The Challenge for SMB’s adopting Business Premium
Small Businesses in New Zealand are finally starting to take Cyber Security seriously; less are they seeing it as simply a cost centre and more as an enabler. But it will always be an expense, and businesses are once again facing tough headwinds. In this environment, customers are having to make tough compromises, weighing every marginal expense against its marginal benefit. These small business owners and decision makers are doing their best, but they aren’t cyber security engineers, they must make these decisions with limited, often anecdotal advice with limited time to properly research every data point. So, let’s do some back of the envelope maths based on easily available stats to see what their decision-making process might look like.
Current Envelope Maths
We’ll use a small 5-person business, with a ~60% chance of a breach annually, currently running Microsoft 365 Business Standard. Our example incident will be a single Microsoft 365 user breach from a phishing attack. One side of the equation is our marginal costs of which there are two components, direct costs to resolve the incident, mostly labour, and indirect costs such as downtime and reputational damage, much harder to measure. We’ll base our direct costs on 2 hours of emergency response labour @ $250/hr, so $500. Indirect costs we can measure as a lost day of work for 1 user between actual downtime and lost work from reputational loss, so 7 @ $150/hr, 1050. This is back of the envelope maths, so we’ll round that to $1000 for a total breach cost of $1500. Applying our 60% breach per year cost, that gives us a marginal annual cost of $900. As Cyber Security Professionals, we may look at this estimate and think it’s too low but let’s remember we are role playing a busy small business owner in this exercise.

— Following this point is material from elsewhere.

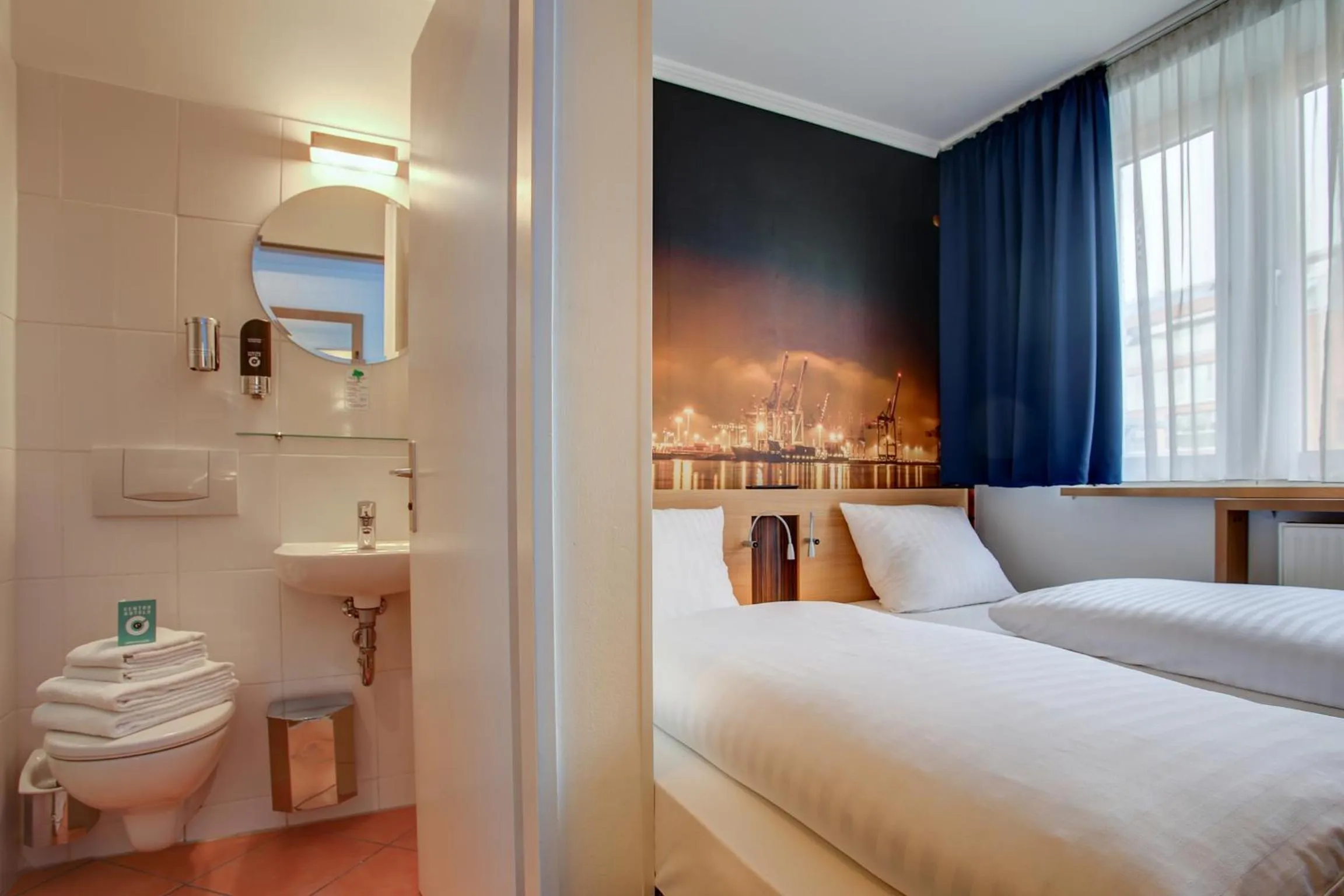 Bathroom, Bed in Hotel Keese Hamburg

Marginal breach cost = $900 or $180/staff annually
Now defending against these breaches. During my time as an incident responder, a properly configured Entra Conditional Access implementation will almost completely eliminate the risk of this type of breach. The most cost-effective way for a 5-person business to get this protection is Microsoft Business Premium. Let’s look at the current annual marginal cost for Business Standard to Business Premium uplift.
Microsoft 365 Business Standard is $242.40
Microsoft 365 Business Premium is $427.20
Marginal uplift cost = $184.80/staff annually
So, you can see that this is a line call for our customers, and marginally the “correct” answer is to simply accept breaches as a cost of doing business. The balance gets worse for the uplift case as you calculate probabilities over a longer period. This means the uplift conversation sits heavily on the ability of our partners to communicate the total value of Business Premium in a sales conversation. Ultimately, the business owner or decision maker is going to sit down with an envelope and do some math, and they’ll see a line call. This is reflected in the adoption numbers we see across Dicker Data’s partners, we see ~3:2 premium to standard ratio – roughly 40% of our customers still choose Microsoft 365 Business Standard.
After July 1st
REMINDER: WE DO NOT HAVE THE NEW NZ DOLLAR PRICES YET.

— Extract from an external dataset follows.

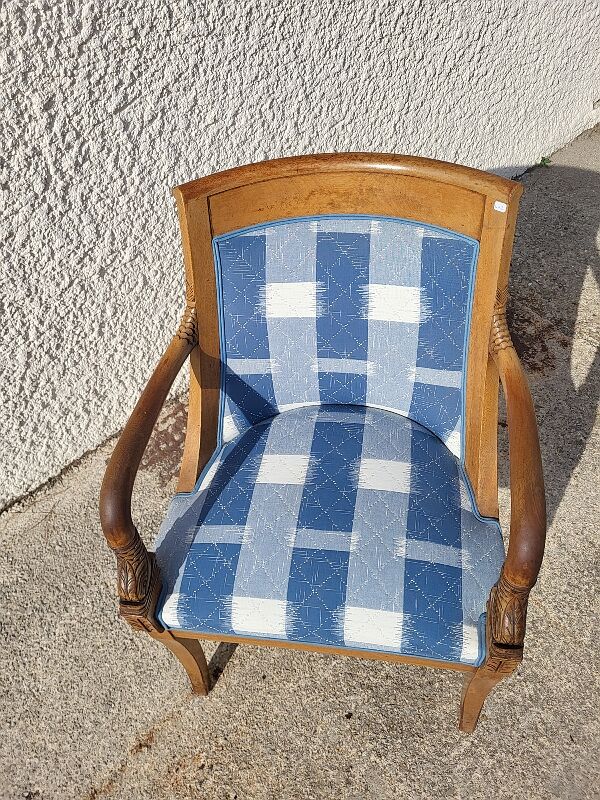 Armchair backrest rounded fish head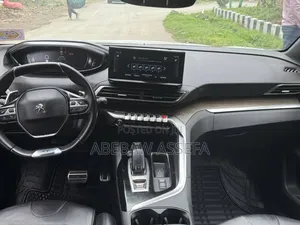 Peugeot 5008 2022 White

Do I need to say that again? Microsoft haven’t yet sent us the price changes for July, we will get these soon, but not yet. So, we will do the new math assuming the same 12% uplift in price for Business Standard.
Microsoft 365 Business Standard is $242.40 * 1.12 = $271.49
Microsoft 365 Business Premium is $427.20
Marginal uplift cost = $155.71/staff annually
So now there is a reasonably clear saving. We can prevent a cost of $180 per year by spending $155 a year. Just using one feature from Business Premium we can save our 5-person small business $125 a year. And there’s still a lot of room for our partners to highlight the rest of the value Microsoft 365 Business Premium brings to the table.

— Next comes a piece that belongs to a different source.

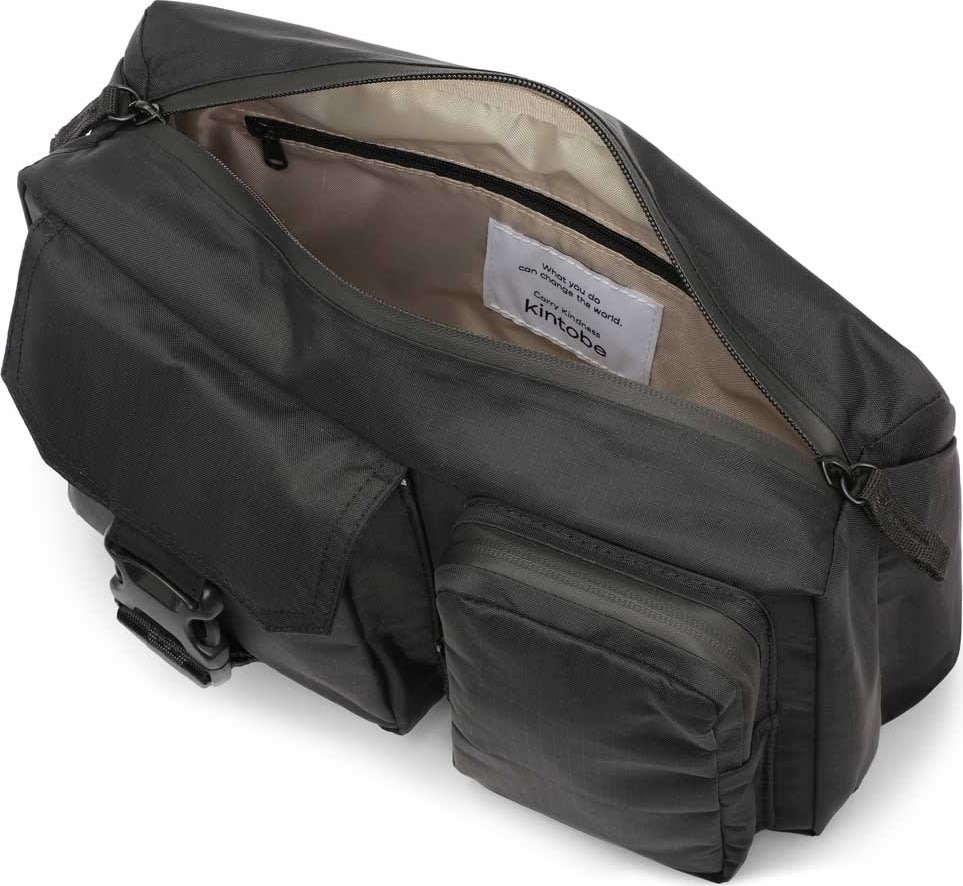 Kintobe Luca, Jet Black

- Defender for Business for EDR
- Defender for Office 365 for email protection
- Intune for endpoint management
- Autopilot for endpoint deployment
Conversation Framing
No one likes it when prices go up, so being able to present a plan to our customers to not just minimise the cost of the license but reduce the total cost of cyber security is what will move us forward and keep you as the customers trusted IT partner.
For partners, this pricing change may open the door to a different type of customer conversation. For some, it could be a good time to look at upcoming renewals and where Business Premium now stacks up more cleanly against Business Standard. For others, it may be more about reframing the discussion around overall security value, with less reliance on third-party tools and a clearer story across identity, devices, email and collaboration. There is always an opportunity to wrap in services such as assessments, configuration management, and/or managed security where that suits the customer.
That is also where Dicker Data can lend a hand. Through Voyager, OnPoint, our Microsoft specialists, and the Insights portal, partners have access to support that can help surface the right opportunities, shape the Business Premium conversation and map out an approach that makes sense for each customer. In a market like ours, where commercial pressure is still very real, having that extra layer of local channel support can make a real difference.
If this is a conversation you are starting to have with customers, your Dicker Data representative can help workshop the opportunity with you. Whether that is identifying where the pricing shift may create a better fit for Business Premium, or simply helping shape the broader security story, there is plenty of value in taking a look now.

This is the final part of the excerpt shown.